> [Available data]
───

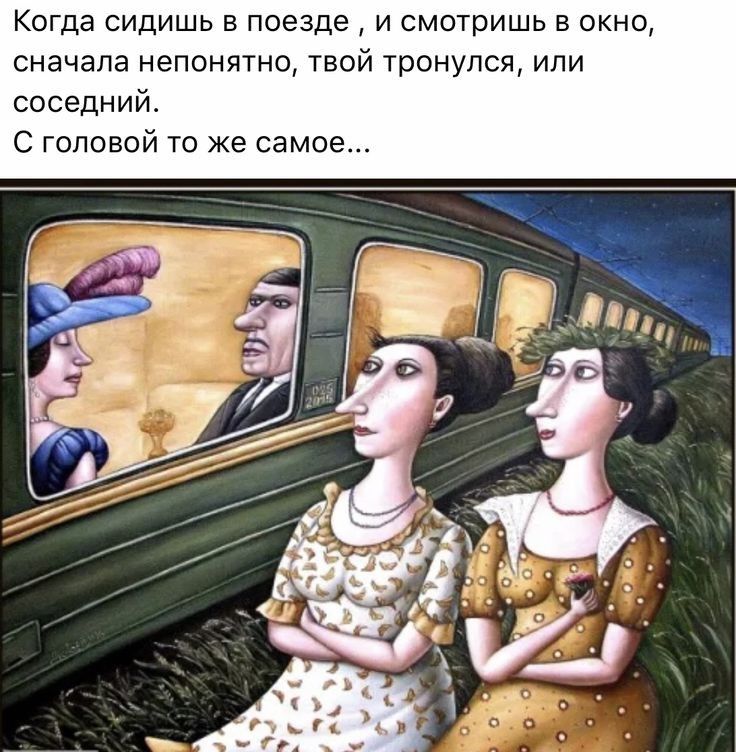 Когда сидишь в поезде и смотришь в окно сначала непонятно твой тронулся или соседний С головой то же самое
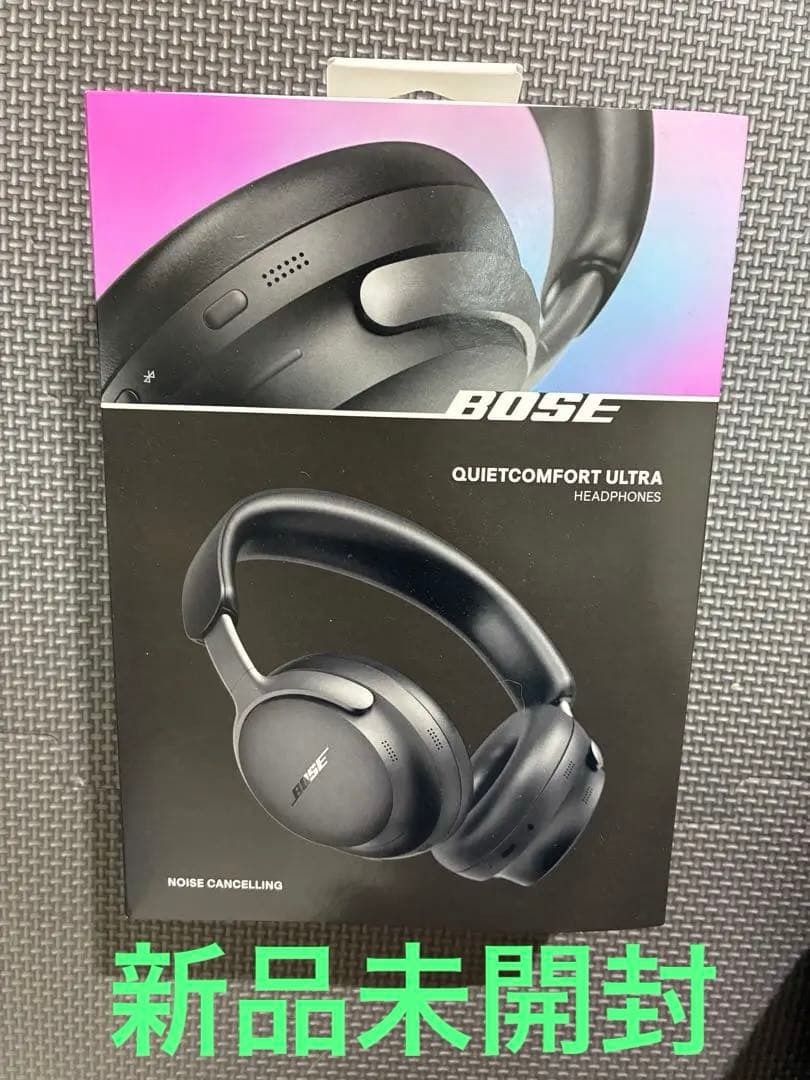 新品未開封 BOSE quietcomfort ultra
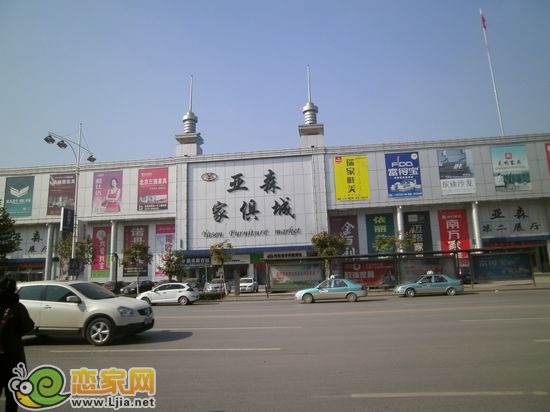 亞森家具城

───

> [What you should do] It would help to have the listing above repeated exactly, with all images removed.

> [Result]
 Когда сидишь в поезде и смотришь в окно сначала непонятно твой тронулся или соседний С головой то же самое
 新品未開封 BOSE quietcomfort ultra
 亞森家具城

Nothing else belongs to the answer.